Many of the same fans that have been clamoring to see Sano and fellow uber-prospect Byron Buxton in the majors have expressed similar excitement for Meyer. No matter which list you look at, Meyer is Minnesota’s top-ranked pitching prospect. Keith Law of ESPN.com ranked Meyer as the No. 62 overall prospect in his recent rankings. MLB.com’s Jonathan Mayo has Meyer much higher — No. 28 among baseball prospects. Baseball America has Meyer as the Twins’ third overall prospect and their top minor league pitcher.

For a team that has struggled as badly on the mound as the Twins have in recent years, Meyer’s skill set is almost equally as desirable as what Buxton and Sano bring to the table. Yet while Sano has aspirations of making his major league debut in 2014 — even stating he wants to be on the Opening Day roster — Meyer insists he’s heading into spring with no set expectations. He just wants to make general manager Terry Ryan’s decision a difficult one.

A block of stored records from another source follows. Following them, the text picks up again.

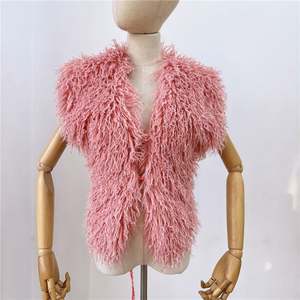 Fluffy Luxury Faux Fur Halter Vest Mujeres Deep V-Neck Backless Chaquetas sin mangas Top Winter <span class=keywords><strong>Wamr</strong></span> Outerwear Coat - Product Image 3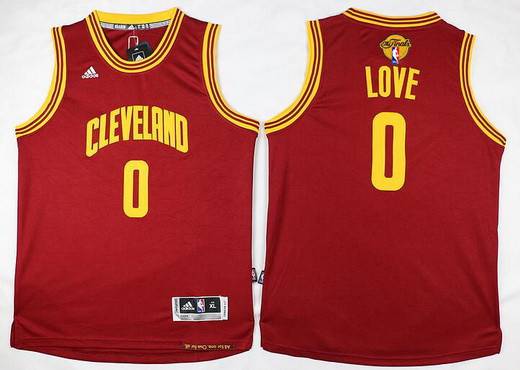 Kid Cleveland Cavaliers 0 Kevin Love Red 2016 The NBA Finals Patch Jersey
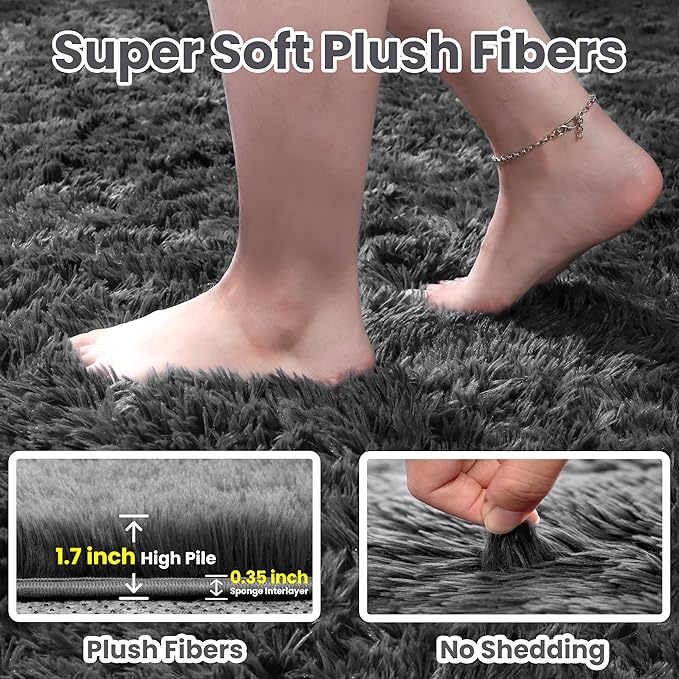 4x6 Fluffy Shag Area Rugs for Living Room Bedroom: Soft Plush Carpet Grey | - Image 5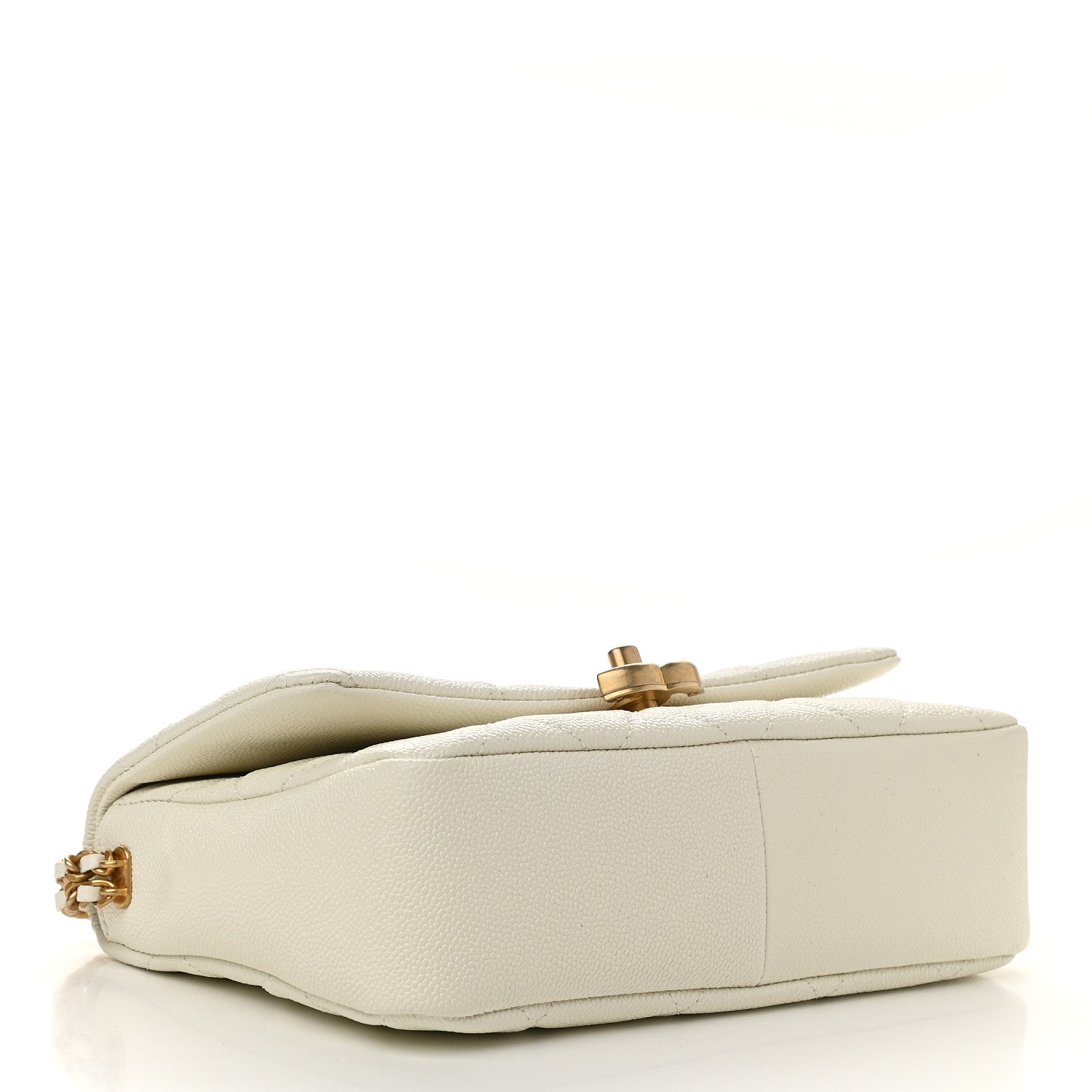 Chanel Shiny Caviar Quilted Small Chain Melody Flap White 4 of 9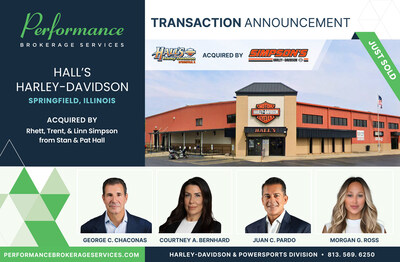 Courtney A. Bernhard of Performance Brokerage Services Advises on the Sale of Hall's Harley-Davidson in Springfield, Illinois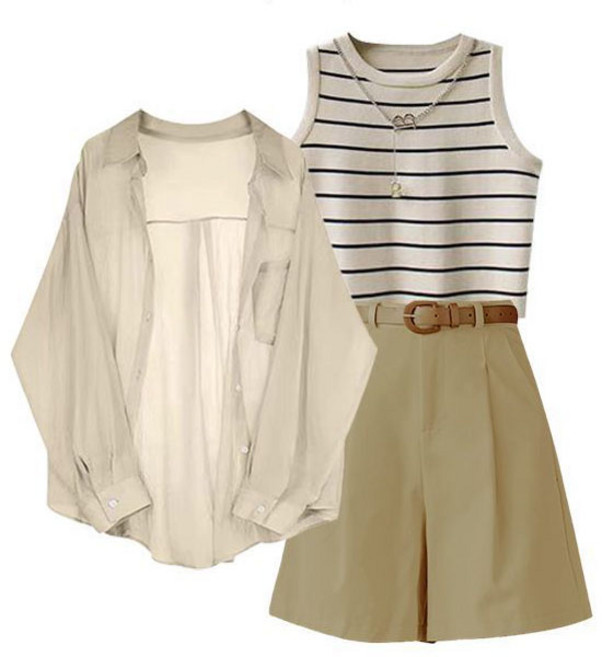 여성3종세트 여성세트 셔츠 + 나시 + 반바지 자외선차단 자켓 하이웨스트 와이드팬츠 AVBN2171 66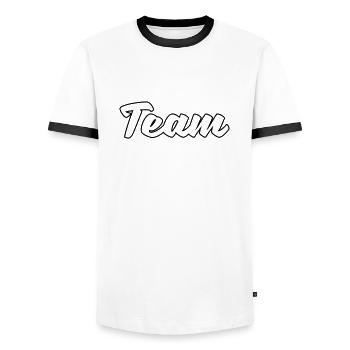 team - T-shirt contrasté Homme - blanc/noir - Devant - AI Model Female 172 light (172cm) & AI Model Male 178 dark (178cm)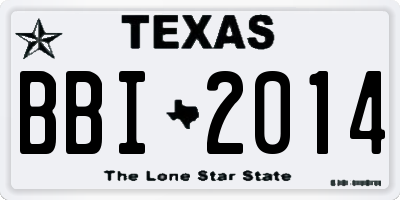 TX license plate BBI2014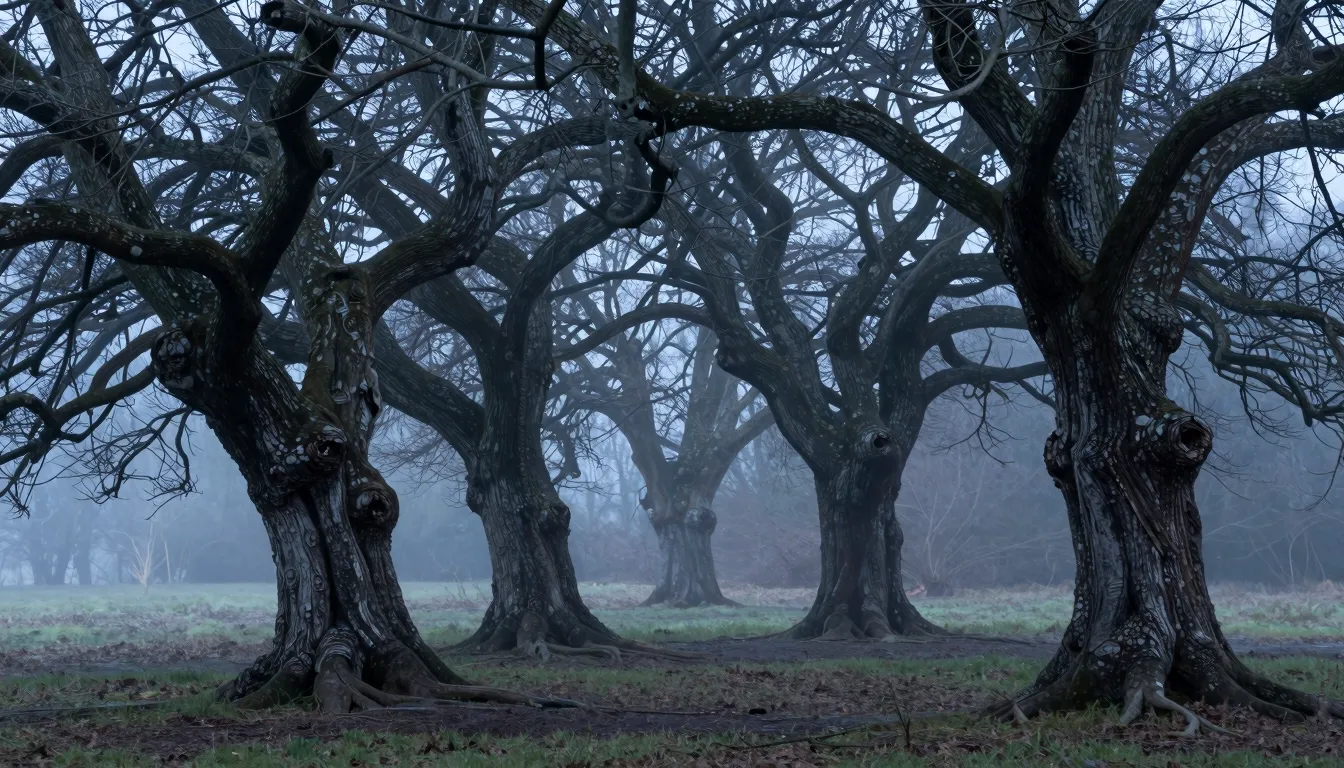 Gloomy winter forest with several old yew trees, dark twiste...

"I told him, ‘I’m going to try and do everything I can to make it tough for you,’ and he said, ‘Do it,’" Meyer said. "That’s what he wants. We’ll see where that takes us. I’m excited to get going."

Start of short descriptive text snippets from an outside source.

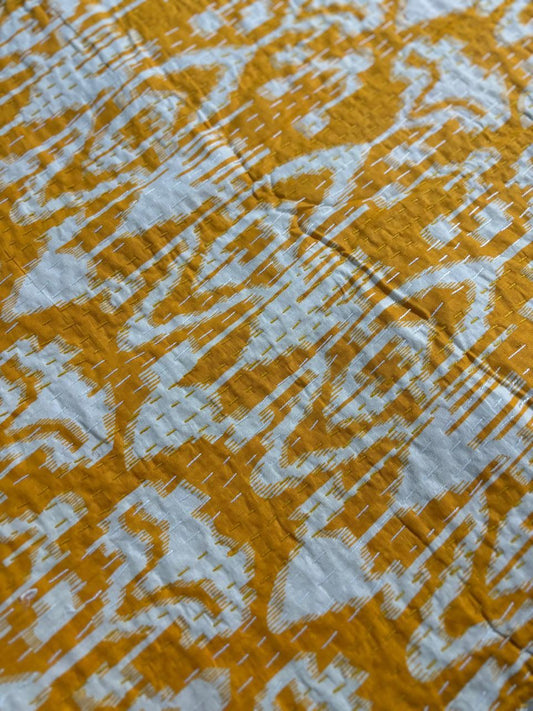 Mustard Ikkat Kantha Bedcover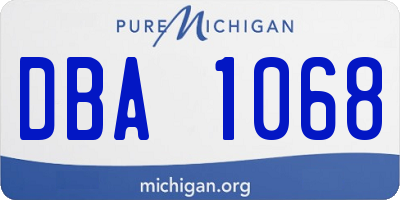 MI license plate DBA1068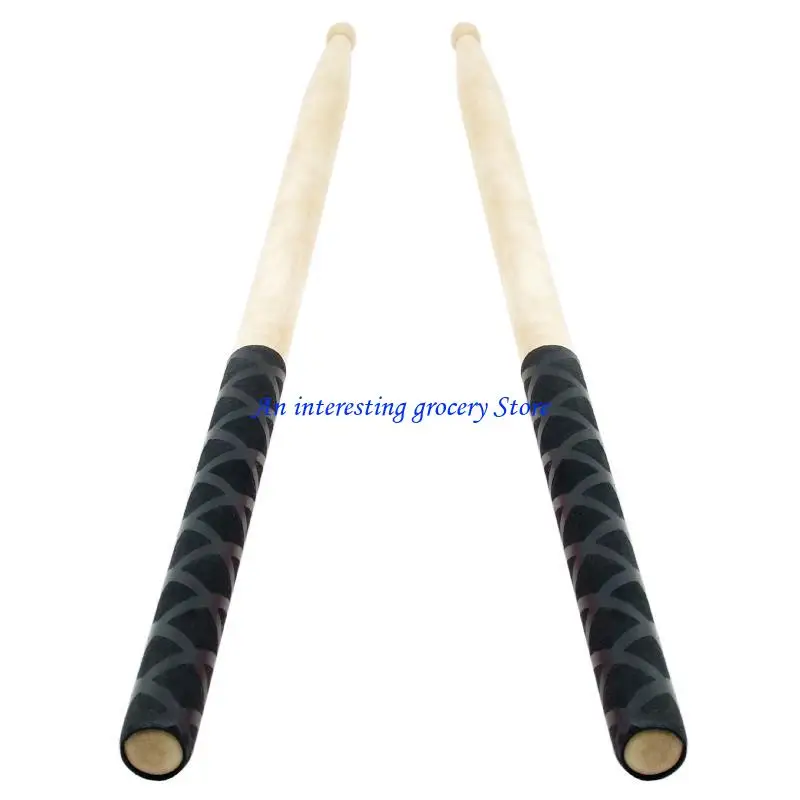 

652D 1 Pair Anti-Slip Drumstick Wrap Drum Grips Absorb Sweat Sleeve Durable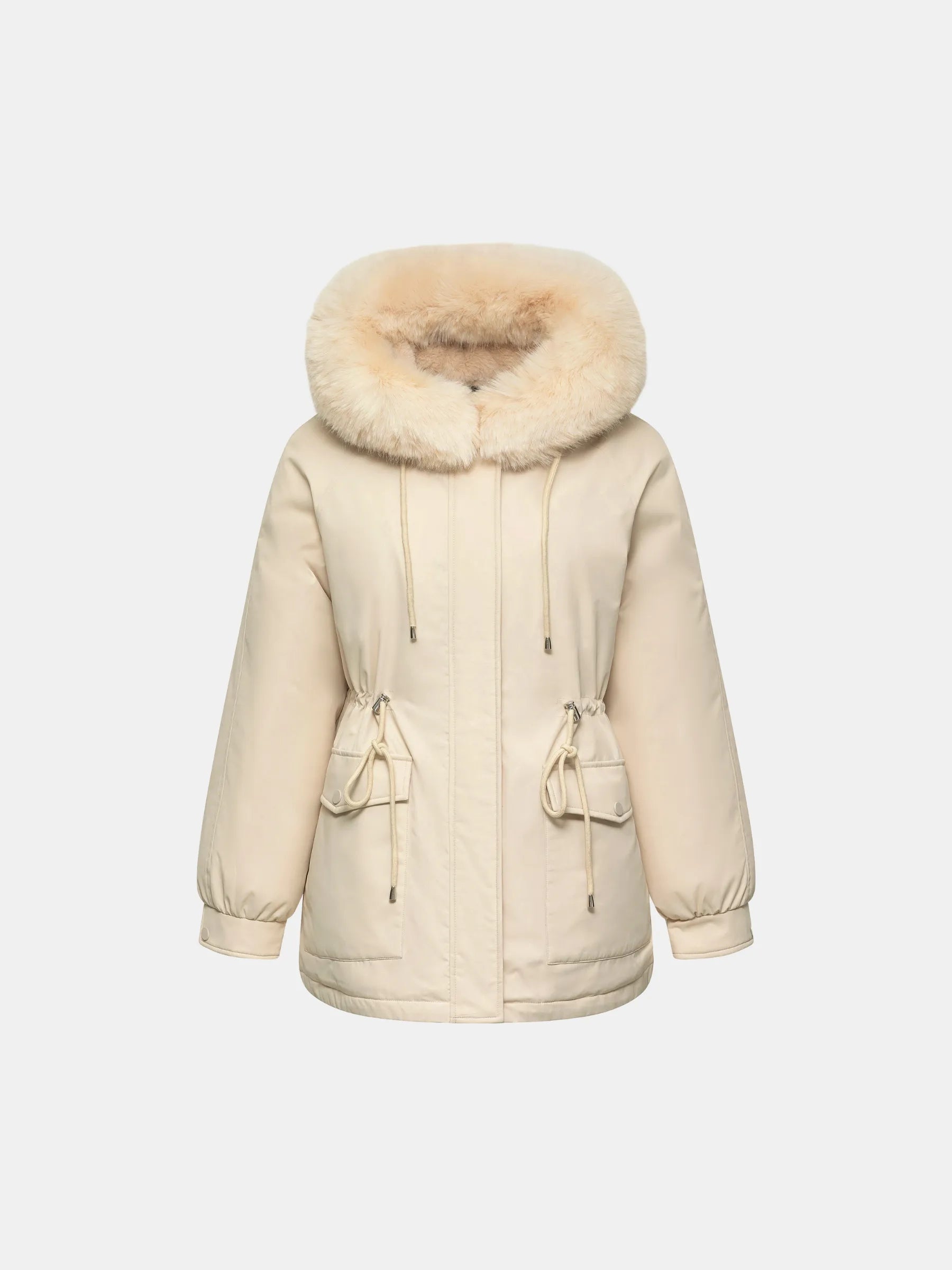 PUFFIT Faux Fur Mid-Length Hooded Drawstring Parka With Adjustable Wa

Meyer, acquired from Washington last winter in exchange for outfielder Denard Span, will be participating in his first major league camp in just his second season in the Twins’ organization. His 2013 season was a bit of a roller coaster ride. While he went 4-3 with a 3.21 ERA in 13 starts at Double-A New Britain, he also battled a shoulder injury that sidelined him for the better part of the second half of the year.

Yet Meyer bounced back and proved he was healthy by pitching in the Arizona Fall League, facing some of the top talent in the minors. In seven starts for the Glendale Desert Dogs, Meyer was 2-1 with a 3.12 ERA as batters hit just .212 against him.

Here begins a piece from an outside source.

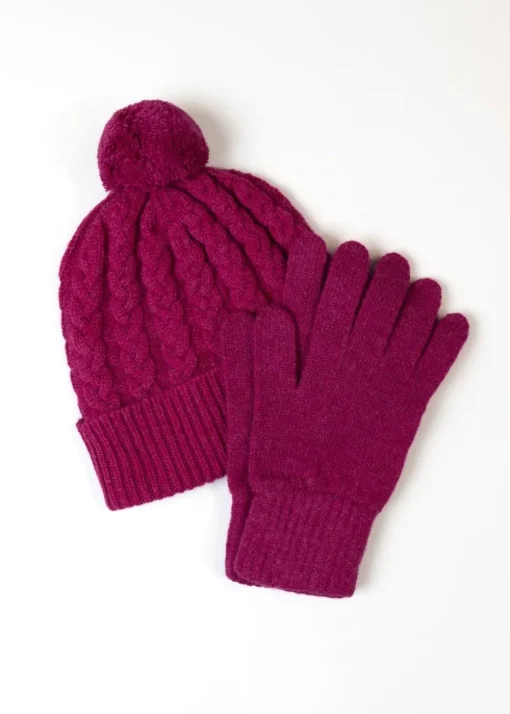 Fliss Lambswool Cable Pom Pom Beanie - Tyrian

"I just realized that game in, game out, those lineups, every guy you’ve heard of before. It was tough," Meyer said. "It was a learning experience for me because I was trying to learn how to pitch a lot more than just go out and throw it by guys. It was good. I was really thankful that I had the opportunity to go out there."

Now that he’s healthy again, Meyer believes he can make a statement this spring as he battles for the fifth and final spot in Minnesota’s starting rotation. Whether or not he breaks camp with the Twins remains to be seen, but his goal of reaching the major leagues continues to inch closer.

Once Meyer finally does make it to the bigs, he can probably quit his second job. For the past few offseasons, Meyer has worked as a substitute teacher in his hometown of Greensburg, Ind. It doesn’t pay much, but Meyer was interested in teaching partly because his mother works at the school.

Because of his stint this winter in the AFL, Meyer didn’t spend much time in the classroom this offseason — only five or six days, he estimated. While the high schoolers in his classes didn’t seem very interested in his life as a baseball player, the elementary school kids did.

"They ask quite a bit," Meyer said. "They make it fun."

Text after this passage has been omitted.